The native riptable filetype is .sds. It's the fastest way to save & load your data.

**Save out your dataset to file using** `rt.save_sds`.

In [52]:
rt.save_sds('my_dset.sds', my_dset)

**Delete your dataset to free up memory using the native python** `del my_dset`.

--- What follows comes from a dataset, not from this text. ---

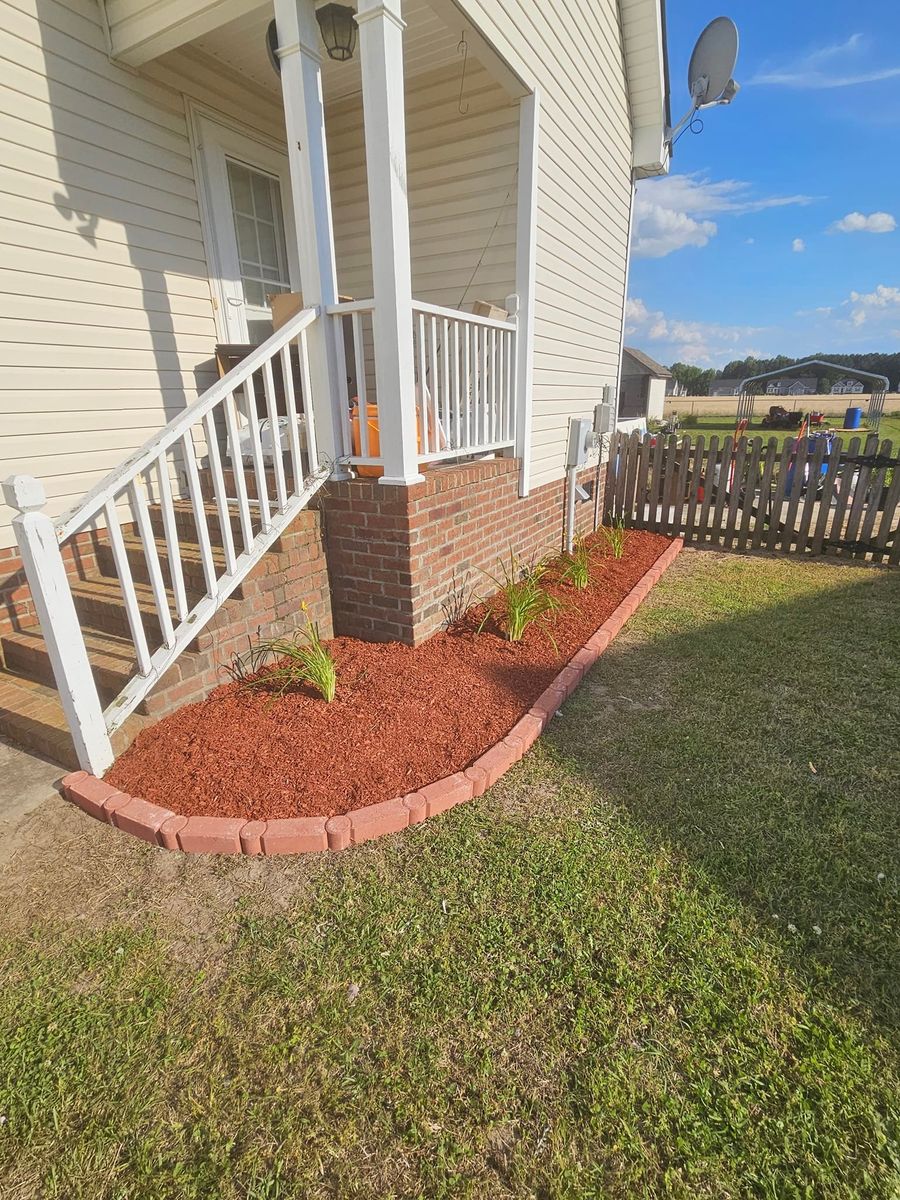Mulch/pine Straw Installation for Natures Accent in Wilson, NC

Note that if there are references to the dataset in other objects you may not actually free up memory.

In [53]:
del my_dset

**Reload your saved dataset from disk with** `rt.load_sds`.

In [54]:
my_dset = rt.load_sds('my_dset.sds')

In [55]:
my_dset.sample()

#,Price,Symbol,Size,MyTrade,...,average_trade_price,Symbol_month_cat,Trader,IndexPrice
0,553.08,TSLA,274,True,...,505.6,"(TSLA, 2022-02-01)",Elon,3599.69
1,215.5,TSLA,957,False,...,505.6,"(TSLA, 2022-02-01)",Elon,3623.25
2,649.53,AMZN,764,True,...,510.34,"(AMZN, 2022-02-01)",Dan,3760.78
3,257.19,GME,62,False,...,505.36,"(GME, 2022-02-01)",Nate,3974.95
4,263.29,SPY,922,True,...,507.38,"(SPY, 2022-02-01)",Josh,4341.34
5,632.26,AMZN,567,True,...,510.34,"(AMZN, 2022-02-01)",Dan,4293.08
6,631.12,SPY,988,False,...,507.38,"(SPY, 2022-03-01)",Josh,3568.03
7,773.3,GME,82,False,...,505.36,"(GME, 2022-04-01)",Nate,3677.05
8,182.55,GME,358,True,...,505.36,"(GME, 2022-04-01)",Nate,4128.69
9,408.96,TSLA,808,True,...,505.6,"(TSLA, 2022-04-01)",Elon,4209.58


To load from h5 files (a common file type at SIG), use `rt.load_h5(file)`.

To load from csv files, use the slow but robust pandas loader, with `rt.Dataset.from_pandas(pd.read_csv(file))`.